Gelar Kick Off Pengawasn SPMB, Ombudsman Jateng Awasi SPMB 2026/2027

Siaran Pers
Nomor: 009/PC.01/V/2026
Selasa, 12 Mei 2026
SEMARANG - Perwakilan Ombudsman RI Provinsi Jawa Tengah melaksanakan Rapat Koordinasi Pengawasan Sistem Penerimaan Murid Baru (SPMB) Tahun Ajaran 2026/2027 bersama Balai Penjaminan Mutu Pendidikan (BPMP) dan Kanwil Kementerian Agama Jawa Tengah, kepala dinas pendidikan, serta dinas sosial se-Jawa Tengah. Kegiatan ini merupakan bagian dari pengawasan Ombudsman guna memastikan pelaksanaan SPMB berjalan secara objektif, transparan, akuntabel, adil, dan tanpa diskriminasi.
Kepala Perwakilan Ombudsman RI Provinsi Jawa Tengah, Siti Farida, menyampaikan bahwa pengawasan SPMB tahun 2026 telah dimulai sejak Februari dan akan berlangsung hingga Agustus 2026. Pengawasan dilakukan melalui pemantauan lapangan, koordinasi dengan pemangku kepentingan, pembukaan posko pengawasan, monitoring isu pendidikan di media massa dan media sosial, hingga mekanisme Respons Cepat Ombudsman (RCO).

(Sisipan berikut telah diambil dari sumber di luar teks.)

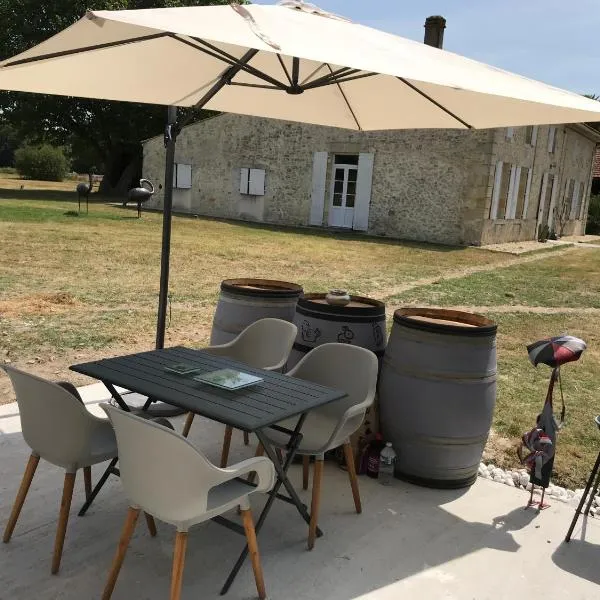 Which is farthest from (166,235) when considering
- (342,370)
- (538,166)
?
(538,166)

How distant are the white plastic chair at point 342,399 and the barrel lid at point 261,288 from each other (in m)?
0.83

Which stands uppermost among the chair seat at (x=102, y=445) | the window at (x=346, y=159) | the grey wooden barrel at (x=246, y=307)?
the window at (x=346, y=159)

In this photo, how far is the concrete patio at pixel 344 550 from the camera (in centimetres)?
241

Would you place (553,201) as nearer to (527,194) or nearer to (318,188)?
(527,194)

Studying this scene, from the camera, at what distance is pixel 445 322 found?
344 cm

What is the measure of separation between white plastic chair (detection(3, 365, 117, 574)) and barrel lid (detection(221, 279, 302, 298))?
62.9 inches

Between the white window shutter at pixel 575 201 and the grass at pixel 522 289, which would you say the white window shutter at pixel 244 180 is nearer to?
the grass at pixel 522 289

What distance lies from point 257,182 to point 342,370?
18.9 meters

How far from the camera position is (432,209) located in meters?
18.3

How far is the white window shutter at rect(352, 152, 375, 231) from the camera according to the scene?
19.1 m

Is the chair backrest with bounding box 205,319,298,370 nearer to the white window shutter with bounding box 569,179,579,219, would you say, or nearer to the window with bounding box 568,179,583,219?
the window with bounding box 568,179,583,219

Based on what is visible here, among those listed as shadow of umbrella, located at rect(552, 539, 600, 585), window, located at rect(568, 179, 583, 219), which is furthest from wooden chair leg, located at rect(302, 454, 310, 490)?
window, located at rect(568, 179, 583, 219)

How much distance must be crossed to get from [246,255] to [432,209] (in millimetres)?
7712

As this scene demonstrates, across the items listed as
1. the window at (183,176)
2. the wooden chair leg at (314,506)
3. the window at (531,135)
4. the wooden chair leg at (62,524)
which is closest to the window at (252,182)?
the window at (183,176) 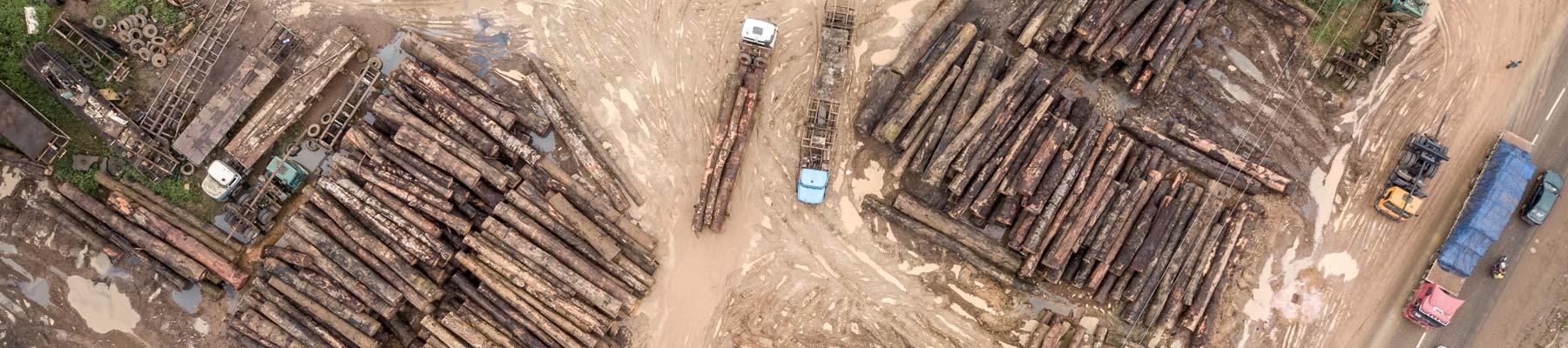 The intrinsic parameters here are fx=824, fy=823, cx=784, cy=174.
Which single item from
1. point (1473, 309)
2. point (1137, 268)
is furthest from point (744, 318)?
point (1473, 309)

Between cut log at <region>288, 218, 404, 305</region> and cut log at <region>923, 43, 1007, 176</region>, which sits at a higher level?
cut log at <region>923, 43, 1007, 176</region>

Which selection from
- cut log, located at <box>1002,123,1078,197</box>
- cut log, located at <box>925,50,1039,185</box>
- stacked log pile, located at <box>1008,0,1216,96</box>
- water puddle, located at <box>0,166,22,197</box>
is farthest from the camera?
water puddle, located at <box>0,166,22,197</box>

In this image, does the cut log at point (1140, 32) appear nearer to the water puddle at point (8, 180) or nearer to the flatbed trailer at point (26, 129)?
the flatbed trailer at point (26, 129)

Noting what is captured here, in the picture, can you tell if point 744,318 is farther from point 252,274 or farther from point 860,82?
point 252,274

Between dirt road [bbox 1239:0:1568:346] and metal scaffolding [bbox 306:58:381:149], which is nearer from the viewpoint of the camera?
metal scaffolding [bbox 306:58:381:149]

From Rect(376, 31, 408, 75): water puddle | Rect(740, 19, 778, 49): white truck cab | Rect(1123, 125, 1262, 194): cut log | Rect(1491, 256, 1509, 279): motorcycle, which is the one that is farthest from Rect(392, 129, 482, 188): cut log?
Rect(1491, 256, 1509, 279): motorcycle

"Ombudsman Jawa Tengah mencatat bahwa sektor pendidikan masih menjadi sektor pelayanan publik yang paling banyak dilaporkan masyarakat. Pada tahun 2024 terdapat 147 laporan substansi pendidikan, dengan 75 laporan berkaitan dengan PPDB/SPMB. Sementara pada tahun 2025 terdapat 129 laporan pendidikan, di mana 59 laporan berkaitan dengan PPDB/SPMB," tutur Farida.
Farida menjelaskan, berdasarkan hasil pengawasan pada tahun-tahun sebelumnya, Ombudsman RI menemukan sejumlah potensi maladministrasi dalam pelaksanaan PPDB/SPMB. Temuan tersebut meliputi keterlambatan verifikasi dan validasi data DTKS/DT Jateng untuk jalur afirmasi, penyalahgunaan surat keterangan domisili dan jalur mutasi, ketidaksesuaian titik ordinat domisili, praktik pungutan dan penjualan seragam saat daftar ulang, hingga belum optimalnya pengelolaan pengaduan.
Selain itu, Ombudsman juga menemukan adanya intimidasi dan intervensi terhadap panitia maupun satuan pendidikan, penahanan Surat Keterangan Lulus (SKL) oleh satuan pendidikan, pembobotan nilai atau piagam prestasi yang tidak berjenjang, praktik-praktik yang mengarah pada petty corruption, penerimaan jalur Kelas Khusus Olahraga (KKO) yang belum sesuai ketentuan, hingga praktik penerimaan siswa di luar mekanisme resmi PPDB/SPMB online.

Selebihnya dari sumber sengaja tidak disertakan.